EXERCISE INPUT.
· · · · ·
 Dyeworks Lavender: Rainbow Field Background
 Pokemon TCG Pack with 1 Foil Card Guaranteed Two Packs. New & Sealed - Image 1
· · · · ·
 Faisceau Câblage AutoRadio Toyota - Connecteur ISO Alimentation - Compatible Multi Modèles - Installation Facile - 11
· · · · ·
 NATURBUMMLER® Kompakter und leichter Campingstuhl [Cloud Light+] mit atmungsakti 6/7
· · · · ·
TASK BRIEF.
Among the entries above, find the line with "Dyeworks Lavender: Rainbow Field Background" and the line with "Pokemon TCG Pack"; give again exactly these two lines and all lines between them.

THE COMPLETED TASK.
 Dyeworks Lavender: Rainbow Field Background
 Pokemon TCG Pack with 1 Foil Card Guaranteed Two Packs. New & Sealed - Image 1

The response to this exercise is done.